Combat in the game is real-time, and handled excellently, courtesy of some really smart auto targeting- once you get a ranged weapon, you're nearly unstoppable. Like Gauntlet, you have an unlimited supply of ammo, so you can fire at will. However, your weapons and armor have limited durability and will break at some point, so you'll have to make sure that you carry a backup. As you make your way through the dungeons killing monsters, you'll acquire loads of equipment, weapons, and items which you can equip, if they're better (and not cursed) or sell in town for gold. Just like in Diablo, all you need to do is conjure a town portal in a quiet section of the dungeon and truck on back to town to get rid of your excess stuff. You won't have to worry about finding your place when you return either, thanks to the easy to read automap.

One of the neat things about the game is the way it randomizes pretty much everything, from the map layouts; to the enemies you'll face in the game. If you're one of those diehard D&D fans, you'll probably be weirded out by the Giant Wasps casting Magic Missile (!), but for the most part the game structure sort of follows a familiar, well-worn path. You'll go on loads of mini-quests in your search for the seven magical stones, and although a few of them are simply item hunts that do little to advance the plot, they're loads of fun. Starting at the novice level, you have to play through the game a number of times to collect all the stones and build your characters' levels up. There's no clock running to let you know how many hours are flying away (and fly away they will), but your character does age throughout the game, another great touch.

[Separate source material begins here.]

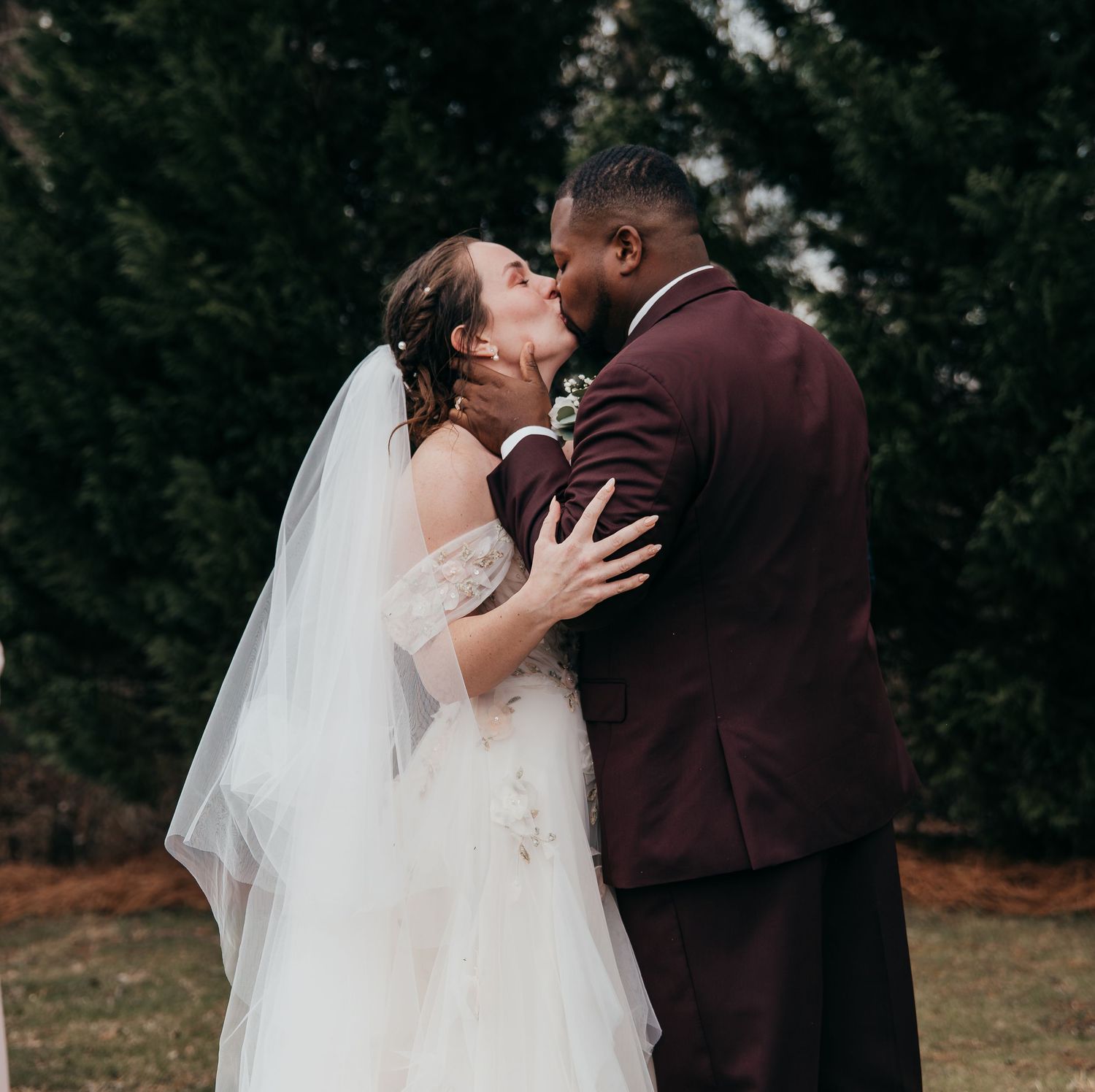 A romantic wedding moment captured outdoors with a burgundy suit and flowing white dress.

Graphically, the character models in the game are a bit angular and stylized, but they animate pretty well and cast actual shadows rather than the usual circular blobs found in most action games. The assorted monsters are nicely designed, and there's an endless supply of them in the overland areas. It's a real hoot to see a bunch of Lizardmen appear out of a cloud of smoke as just you think you've killed the last one (unless you're low on health, that is). The randomized environments in Darkstone are the real stars of the game, with their wonderful and atmospheric lighting effects. Most of the dungeon areas are pretty dark and you'll be either using torches or a Light spell so that you can see what's coming to kill you. With the exception of the town you start the game from and a few smaller areas, every map is randomly generated when you fire up a new game. This is really a welcome feature, and adds to the replay factor a great deal. The fighting engine is pretty solid, despite an odd glitch that has some enemies disappear a step or two before they reach you, only to reappear a few steps back- good for you though, if you're on the attack. The game camera is quite flexible, with the ability to zoom way in or high up, for those hard to see areas. There are three standard viewpoints to choose from, and with the exception of the Gauntlet-style top down view, which makes the game too hard to play, they work fine.

Musically, the game has a few menacing tunes that add some ambiance to your dungeon crawling, and there's a bit of a surprise waiting for you, should you decide to give some coins to the musicians in the town square. Let's just say that you'll either like or hate what you hear a lot, depending on your musical tastes. There's a small amount of voice work in the game, and it's also hit or miss. The game really has nothing working against it other than the lack of a two-player feature (the PC version had one), and only the most discriminating gamer will pass this one up. Even if you hate RPGs, the low price and action-based gameplay of Darkstone will grab your attention, and test your skill almost as much as any other title out there.